|Release Date: 1/10/1914|
|Brand: Flying A|
|Director: Lorimer Johnston|
|Writer: George Posner|
|Confirmed Cast: Sydney Ayres, Harry Von Meter, Louise Lester, Charles Morrison, Jack Richardson|
The son of Thomas Gray, after his graduation, returns from college, becomes his father's partner, and later, when his parent's health begins to fail him, his successor. The income from a tonic, which unknown to the rest of the family, contains morphine, then becomes the family's sole means of subsistence. The doctor's son is highly ambitious and through hard work achieves renown and success. He becomes interested in social reform and pays frequent visits to the slums, where on one accasion, he sees a victim of morphine in the throes of deah. A bottle labeled "Gray's Tonic" strikes his eye, but of course, he knows nothing. A fellow physician, who has accompanied him, however, pockets the bottle.
At the meeting of the Pure Boods and Drug Board, of which he is a member, the doctor's son delivers a lecture on the evils wrought through lax censorship of drugs. His fellow physician voices his suspicion of Gray's Tonic, and suggests that they analize it. The son is given the commission and told to report the result at their next meeting. Then, while the aged parent awaits the result of the fateful analysis, the awful knowledge is revealed to the son. In an emotional scene the aged physician pleads with his son for the sake of the family honor and for their happiness, not to reveal the secret.

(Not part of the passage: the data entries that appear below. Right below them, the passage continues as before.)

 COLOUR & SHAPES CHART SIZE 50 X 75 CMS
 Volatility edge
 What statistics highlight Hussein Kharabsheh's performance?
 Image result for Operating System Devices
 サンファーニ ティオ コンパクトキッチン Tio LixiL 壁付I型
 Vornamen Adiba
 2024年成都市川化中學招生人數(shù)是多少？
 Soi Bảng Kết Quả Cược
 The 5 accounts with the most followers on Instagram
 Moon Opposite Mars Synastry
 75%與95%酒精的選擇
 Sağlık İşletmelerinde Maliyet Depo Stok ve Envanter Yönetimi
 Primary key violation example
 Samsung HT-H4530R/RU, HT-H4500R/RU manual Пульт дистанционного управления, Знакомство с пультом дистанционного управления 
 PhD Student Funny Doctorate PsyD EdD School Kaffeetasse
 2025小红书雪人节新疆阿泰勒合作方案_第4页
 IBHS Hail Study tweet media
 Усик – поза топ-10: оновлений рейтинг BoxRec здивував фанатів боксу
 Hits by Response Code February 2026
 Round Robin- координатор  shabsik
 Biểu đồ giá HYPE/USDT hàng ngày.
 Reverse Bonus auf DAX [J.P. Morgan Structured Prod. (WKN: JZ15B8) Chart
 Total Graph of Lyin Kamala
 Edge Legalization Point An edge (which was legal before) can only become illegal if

Which shall it be! During a restless night he is tormented by visions: his parents reduced to poverty and shame, the scene in the slums, and finally that of the chairman handing him his commission. The next day the parent, awaiting in feverish anxiety, hears the final decision, and in horror and rage disowns him. Then the hand of misfotune falls on the erstwhile family. Dishonor, a heavy fine, and the revocation of his license are the penalties invoked by the court, and poverty and want follow in the steps of the decision. The son pleads in vain for the privilege of supporting the family. The father will have nothing of him.
The hand of fate, however, brings about the long delayed reunion. When about to be evicted from their squalid lodgings, the landlord turns out to be none other than their son. The son takes them at once to his home and after his skillful treatment, soon restores his father to health.